The Foundry was sold again in March 2011 to global private equity firm The Carlyle Group for a reported £75 million ($120 million USD). An impressive return for Advent over a two year holding period (10x increase in deal value). Carlyle’s 2011 press release quotes an annual revenue figure of £14.9 million for 2010, implying a 5x trailing sales multiple. UK regulatory filings indicate EBITDA of £6.5 million for 2010 (purchase price was then about 11.5x EBITDA).
The Foundry’s Nuke compositing software had benefited greatly from Apple’s 2006 decision to end-of-life Shake, a widely used compositing software tool. Apple continued to sell Shake until mid-year 2009, which happens to aligns with the tremendous growth The Foundry experienced.
During Carlyle’s ownership The Foundry purchased Luxology (2012) and Made with Mischief (2014) to accelerate its growth. Then in May 2015 Carlyle sold The Foundry to HgCapital for £200 million ($312 million). According to Carlyle’s 2015 press release about the sale, revenue grew by over 160% during Carlyle’s ownership. Regulatory filings indicate 2014 full year revenue was £27.5 million and EBITDA was around £8.5 million. Using these figures HgCapital paid around 7x trailing sales and 23x trailing EBITDA.
The Foundry would rebrand as just Foundry in early 2017. Under HgCapital’s ownership growth of revenue and profitability continued. HgCapitals’ filings indicate Foundry grew revenue by 12% and EBITDA by 54% in 2017, and further states EBITDA grew double-digits in 2018.
The above transaction review understates the equity returns of the investors. Each institutional investor employed debt to magnify its equity return, making these transactions case studies in making money for investors. Based on a review of end of year 2017 regulatory filings, Foundry’s last owner HgCapital had managed to borrow over £260 million pounds of interest-bearing loans – which is over six times annual sales. HgCapital’s 2015 press release stated the HgCapital Trust would contribute £19.7 million of the £200 million purchase from Carlyle. Since HgCapital’s model is to invest alongside other institutional investors, the balance of the equity position is other investors. In HgCapital’s 2016 annual report the residual cost of Foundry is listed at £15.2 million and Hg’s client equity position is listed at 79.1%. If the latter means equity owned not by the Trust, then the total equity commitment was around £100 million – but it is not clear how much of the equity was rolled over by existing investors or management.
Returning to the point, HgCapital indicates in its press release that it (the Trust) will receive cash proceeds of £28.0 million from the sale to Roper.
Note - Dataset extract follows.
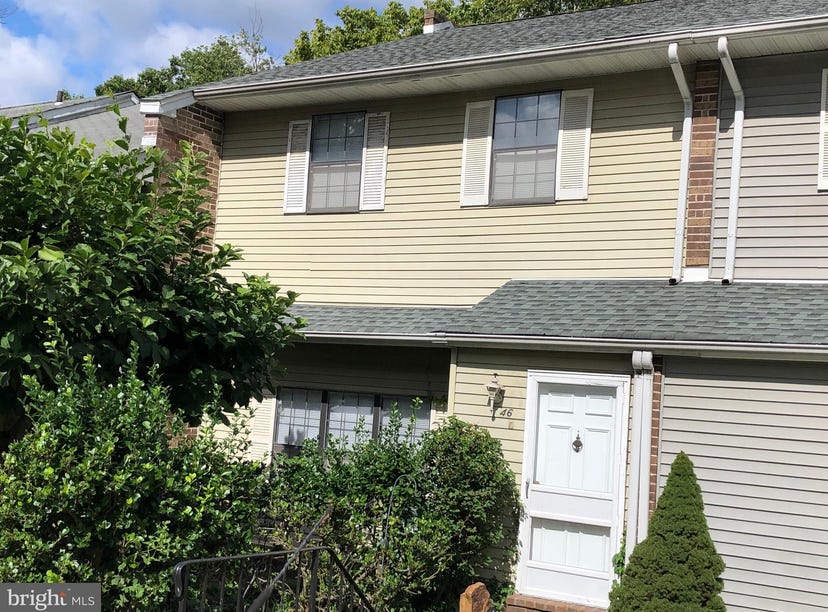 46 WOODBRIDGE CT N, FEASTERVILLE TREVOSE, PA 19053 Townhouse for Rent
Add to this an earlier ‘realization’ of £3.7 million from a refinancing of Foundry’s debt in 2018 and the total cash return appears to be £31.7 million. Measured against the residual cost of £15.2 million, the return is a doubling of the investment in a little less than four years. It would appear there is, in fact, money to be made investing in media technology.
In an unrelated, separate observation we were asked by TVBEurope to provide an outlook for the M&A environment toward the end of 2018. Here is an excerpt:
Finally, what does he [Josh Stinehour, Devoncroft] expect to see happen within our industry in 2019? “Drawing on the historical record, I expect more of the same: targeted M&A (buy versus build, geographic expansion, etc); creative mergers to add economic scale; pragmatic divestitures by larger technology organisations; and lastly a few totally surprising purchases by large IT organisations based on utterly arbitrary rationales.”